WASHINGTON (AFP) - President Barack Obama's top Democratic ally in the US Senate hinted Tuesday that the pitched political battle to remake US health care could slip to 2010 in what would be a setback for the White House.

Democratic Senate Majority Leader Harry Reid, in charge of pushing Obama's top domestic goal through the upper chamber, signalled after closed-door talks with his troops that passing sweeping reforms this year may not happen.

"We're not going to be bound by any timelines. We need to do the best job we can for the American people. We want quality legislation, and we're going to do that," Reid said when asked about the goal of passing a bill this year.

Pushing the fight to 2010 could complicate the delicate coalition-building needed to pass the bill because it is a midterm election year, when the entire House and one third of the Senate are up for reelection.
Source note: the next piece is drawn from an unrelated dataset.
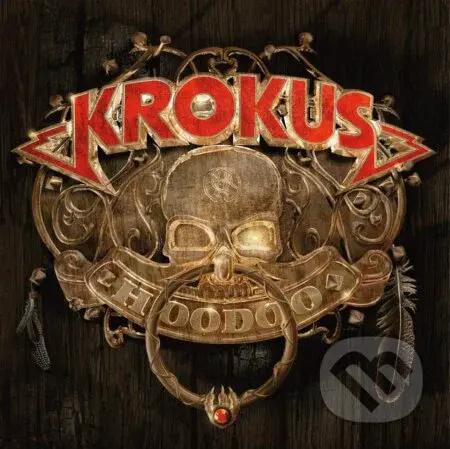 Krokus: Hoodoo (Red) LP - Krokus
But Reid spokesman Jim Manley stuck to the hoped-for 2009 end point, saying: "There is no reason why we can?t have a transparent and thorough debate in the Senate and still send a bill to the president by Christmas."

Obama has said he wants sweeping legislation remaking the US health care system to reach his desk this year, but internal Democratic feuds and Republican opposition to White-House backed plans have bogged down that effort.
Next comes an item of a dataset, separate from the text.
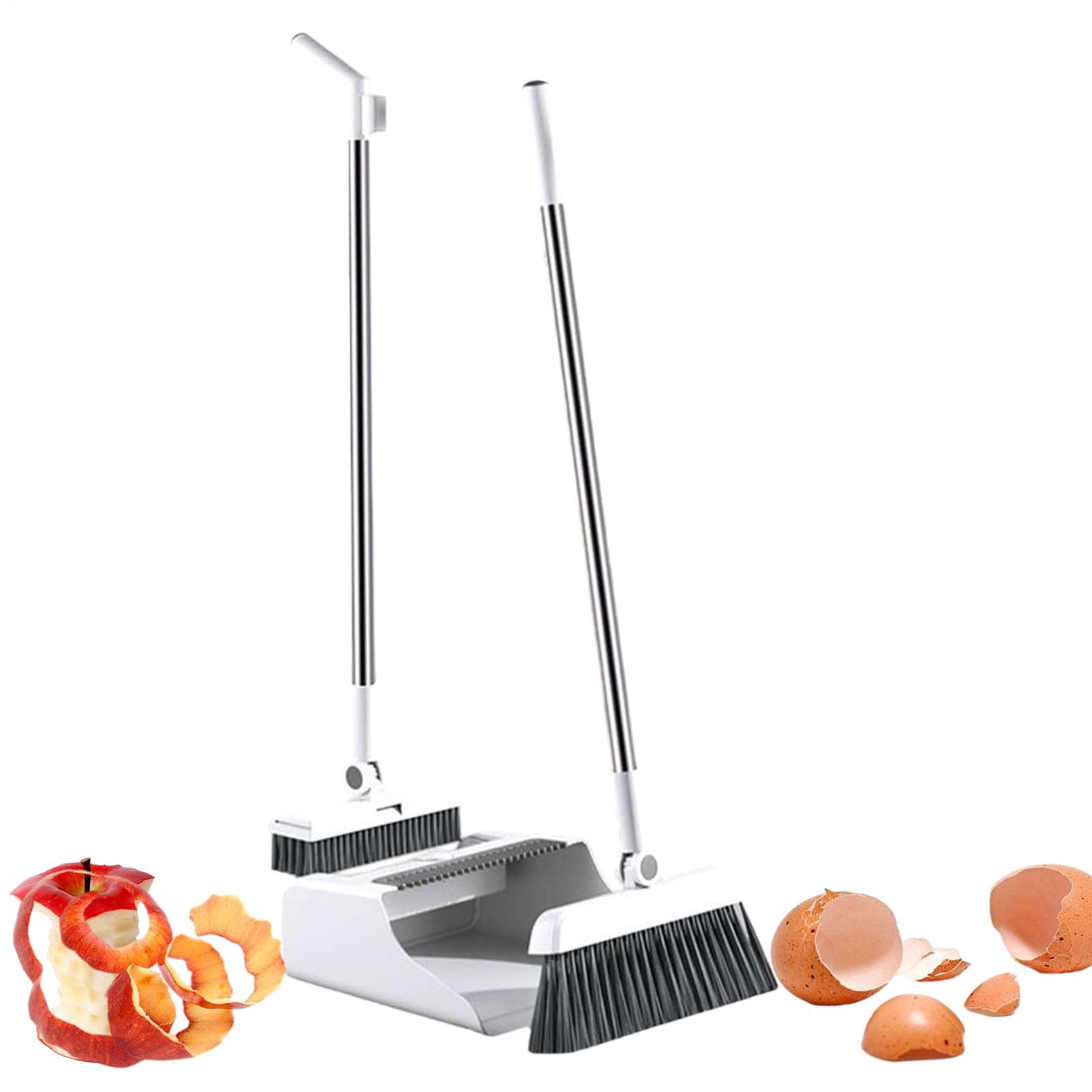 Balai et pelle pour la cuisine et le salon kit de nettoyage intérieur pour toute la famille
Earlier, House Democratic Majority Leader Steny Hoyer said the House of Representatives would take up its version of the bill late this week, with key votes expected early next week and final passage before November 11.

Hoyer said the House would open its debate on the measure "either Friday or Saturday" and confidently predicted that Democrats had the 218 votes needed in the 435-seat chamber for passage.

"I'm confident of prevailing, and I'm confident of prevailing before Veterans Day," which falls on November 11, he said. "I'm confident we're going to pass this bill."

Hoyer, who manages the House floor, said Republicans will be allowed to offer their alternative to the Democratic-written, White-House backed legislation to overhaul US health care.

Flashpoints include a government-backed insurance plan popularly known as a "public option," and the issue of whether taxpayer monies might go to pay for abortions.

"I am pretty confident that we can get there, essentially making very clear that any money spent on the issue of termination of pregnancy will be spent not by the government, but by the individuals," said Hoyer.

The United States is the only industrialized democracy that does not ensure that all of its citizens have health care coverage, with an estimated 36 million Americans uninsured.

Yet Washington spends vastly more on health care -- both per person and as a share of national income as measured by Gross Domestic Product -- than other industrialized democracies, according to the Organization for Economic Cooperation and Development.

The United States spent about 7,290 dollars per person in 2007, more than double that spent by Britain, France, and Germany, with no meaningful edge in the quality of care and lags behind OECD averages in life expectancy and infant mortality.

Reid said he hoped to soon have the non-partisan Congressional Budget Office's assessment of how much the Senate plan would cost.

Democrats face unique hurdles in the Senate, where they appear short of the 60 votes needed to overcome parliamentary delaying tactics and pass the bill.

If, as seems certain, the House and Senate approve different versions of the legislation, they would have to agree on a compromise version and vote again to send the measure to Obama to sign into law.